Senão, imaginem comigo: São Paulo, São Pedro, diante da Roma pagã, chegando à conclusão de que o mundo jamais será cristão mesmo e que o melhor a fazer é fugir para as montanhas, montar barracas e formar famílias isoladas para, quem sabe um dia, retornar e dominar tudo. É mesmo? Quando? Imaginem como seria o mundo hoje se eles tivessem pensado assim. É uma imagem um pouco mais realista que a mítica Sodoma, pois além de termos em nosso mundo os resultados históricos dessa epoupéia civilizatória, não foi devido um aviso ímpar de Deus que se fez a cristandade, mas de vários recados compreendidos por meio de vidas inteiras, obras e construções.
Imaginemos os missionários portugueses que, quando chegaram ao Brasil, viram civilizações de indígenas pagãos, praticantes de uma cultura totalmente avessa ao cristianismo. Vamos embora, esses índios jamais nos entenderão, diriam eles. Vamos voltar para nossa vila em Portugal. É isso.
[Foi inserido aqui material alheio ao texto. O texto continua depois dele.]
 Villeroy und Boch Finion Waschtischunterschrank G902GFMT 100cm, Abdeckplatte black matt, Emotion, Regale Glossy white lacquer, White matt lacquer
Infelizmente, a maioria dos cristãos nos últimos anos concentrou-se demais na guerra cultural ao ponto de esquecer-se de quem irá luta-la. Não se vence o demônio, o diabo ou a carne, defendendo a “família tradicional”. Vence-os através da ligação individual, pessoal, com Deus, a partir da fé nEle. E isso significa colocar-se em Suas mãos e não apenas deixar o mundo nas mãos dEle. O mundo é nosso, Ele nos deu. E o mundo não se cristianizará sozinho ou num ato divino de destruição como em Sodoma. O mundo nunca foi cristão por vontade própria, mas pelo trabalho e pela vontade de heróis, santos e mártires. Foi o sangue que fez brotar as instituições jurídicas, democráticas e políticas que hoje vemos ser derrubadas pela falta justamente do sangue dos heróis e mártires que optaram por vidas cômodas conferidas pela tecnologia nas grandes cidades. Mas todo prazer quando dura tempo demais vira dor, lembrou certa vez o professor Olavo de Carvalho. O que estamos vivendo é o cansaço, a dor do conforto urbano quando afastado de um sentido e, portanto, desordenado. Então, pode ser exatamente uma busca pela renovação desse comodismo que tem feito com que muitos desejem cidades do interior, em geral feias e ainda mais desvirtuadas moralmente. Eis o engano. Seduzidos por uma promessa de sossego ou de tranquilidade que Deus não prometeu, alguns acharam que era mais fácil pensar como monges.
Mas São Paulo foi claro quando dividiu os homens entre aqueles que vivem para as coisas de Deus e os que vivem para as coisas do mundo. A vida religiosa e a vida matrimonial.
Deus fez o mundo para o homem, embora o tenha entregado o governo a Satanás. Mas Ele o fez para que haja mérito no nosso trabalho e sacrifício de tomá-lo de volta e fazer este velho mundo algo novo. Colocar Cristo nas coisas é dever do homem e para isso Deus fez as coisas. As opções monásticas são uma coisa. As dos pais de família e dos homens do mundo é outra bem diferente. A opção beneditina é defensável a idosos, crianças, doentes, ou aos monges que optam por uma vida fora da agitação do mundo, mas não a homens a quem foi dada a missão da família, com saúde e fé forte para lutarem pela conversão do mundo, mas como um objetivo dentro da conversão diária, cotidiana e permanente, uma declaração diuturna de amor a tudo o que foi criado e pode, com a ajuda de Deus, ser revertido para o bem e para a Salvação.